From Piacenza's valleys here there are some hamlets not to miss
In the Early Middle Ages, Bobbio, that became a city in 1014 after the Gold Bull issued by Frederick II, was one of the most important religious sites in Italy. The medieval charm of the ancient village, that is peppered with narrow streets, lovely stone houses and handsome palaces, testifies to the region’s wealth, and indicates a long-standing tradition of art, culture and science. Idyllically set just in the heart of the so-called Via degli Abati (Abbots’ Route), Bobbio develops around the ancient monastery of San Colombano, and is totally surrounded by the glorious landscapes of Val Trebbia, what makes it one of the most famous tourist destinations in the province of Piacenza. The Abbey is named after the Irish saint who flocked there and left an indelible mark on the city’s culture. It is the city’s most representative landmark together with the irregular profile of its Ponte Gobbo. Legend has it that this bridge was the place where San Colombano met the Devil. Marco Bellocchio, an acclaimed director who spent his childhood and summer holidays in Bobbio, chose the city as the set of some of his best films, and established Bobbio Film Festival and Laboratorio di Fare Cinema there.

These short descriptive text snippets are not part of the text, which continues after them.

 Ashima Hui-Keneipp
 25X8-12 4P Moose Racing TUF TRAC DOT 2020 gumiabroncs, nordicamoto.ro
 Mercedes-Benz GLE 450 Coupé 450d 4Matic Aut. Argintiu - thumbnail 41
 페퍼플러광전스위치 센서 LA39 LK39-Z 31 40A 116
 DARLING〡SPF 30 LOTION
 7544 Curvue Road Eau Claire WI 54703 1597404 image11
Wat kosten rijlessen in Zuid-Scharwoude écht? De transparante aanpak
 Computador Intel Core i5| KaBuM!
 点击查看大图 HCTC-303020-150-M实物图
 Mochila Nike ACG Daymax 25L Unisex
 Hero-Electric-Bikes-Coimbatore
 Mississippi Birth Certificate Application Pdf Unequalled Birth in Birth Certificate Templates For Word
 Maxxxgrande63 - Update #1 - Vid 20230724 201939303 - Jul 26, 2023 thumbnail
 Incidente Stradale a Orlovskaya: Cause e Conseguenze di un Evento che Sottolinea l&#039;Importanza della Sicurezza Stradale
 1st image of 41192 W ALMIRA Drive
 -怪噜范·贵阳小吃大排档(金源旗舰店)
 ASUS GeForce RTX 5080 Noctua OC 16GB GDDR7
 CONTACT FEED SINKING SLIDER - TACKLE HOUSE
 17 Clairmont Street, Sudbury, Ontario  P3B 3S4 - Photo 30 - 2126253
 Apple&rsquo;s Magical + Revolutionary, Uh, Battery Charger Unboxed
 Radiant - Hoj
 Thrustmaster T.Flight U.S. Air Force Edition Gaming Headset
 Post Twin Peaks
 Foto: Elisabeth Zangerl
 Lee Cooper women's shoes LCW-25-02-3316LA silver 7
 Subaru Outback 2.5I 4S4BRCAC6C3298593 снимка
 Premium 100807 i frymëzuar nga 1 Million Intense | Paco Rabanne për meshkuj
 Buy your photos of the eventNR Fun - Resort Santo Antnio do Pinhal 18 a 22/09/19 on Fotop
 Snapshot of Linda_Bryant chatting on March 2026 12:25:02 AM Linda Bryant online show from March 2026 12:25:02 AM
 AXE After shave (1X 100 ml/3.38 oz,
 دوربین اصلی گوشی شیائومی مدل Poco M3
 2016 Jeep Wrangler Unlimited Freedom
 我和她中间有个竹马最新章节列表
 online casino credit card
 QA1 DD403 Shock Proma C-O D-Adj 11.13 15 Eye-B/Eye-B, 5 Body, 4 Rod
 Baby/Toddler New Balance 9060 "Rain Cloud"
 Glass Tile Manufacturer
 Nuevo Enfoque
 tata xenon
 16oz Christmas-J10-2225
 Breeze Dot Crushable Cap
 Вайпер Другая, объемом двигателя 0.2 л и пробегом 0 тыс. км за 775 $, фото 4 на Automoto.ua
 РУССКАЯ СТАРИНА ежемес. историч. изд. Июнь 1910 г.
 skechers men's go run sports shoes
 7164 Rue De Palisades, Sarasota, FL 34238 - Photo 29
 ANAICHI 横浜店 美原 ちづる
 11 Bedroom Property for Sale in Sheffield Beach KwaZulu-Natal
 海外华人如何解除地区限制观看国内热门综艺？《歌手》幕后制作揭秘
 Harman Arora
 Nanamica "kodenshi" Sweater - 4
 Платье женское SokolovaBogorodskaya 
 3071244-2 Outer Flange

Tucked into beautiful folded hills, Castell’Arquato is one of the prettiest medieval villages in the countryside south of the river Po. Day visitors come at the weekends to explore its mysterious lanes and picturesque stone houses. The municipal square, that develops in the upper part of the town, is dominated by the impressive Rocca Viscontea, that once suited defensive purposes, the Collegiate Church of Santa Maria Assunta, a Romanesque building featuring some Gothic and Renaissance elements too, Palazzo del Podestà and the Museum of the Collegiate Church. Castell’Arquato’s fascinating medieval atmosphere made it the ideal location for both costume-drama films, such as Lady Hawk by Richard Donner, and important historical recollections, that are often held here all year round.
Vigoleno, that is idyllically set on the top of an impressive rock spur that rises halfway between Piacenza’s Geological Reserve and the Fluvial Park of the river Stirone, is one of the most fascinating medieval villages of the province of Piacenza. It still gazes across the countryside from on high, and boasts breathtaking views over the vine-clad hills of the surrounding area. Walking down its winding lanes and narrow streets, visitors will have the possibility to enjoy the fascinating beauty that permeates every nook and cranny of the village. The central square is dominated by the Oratory of Madonna delle Grazie and by the Parish Church of San Giorgio, the latter being one of the most important examples of sacred Romanesque architecture of the whole territory crossed by the Via Francigena.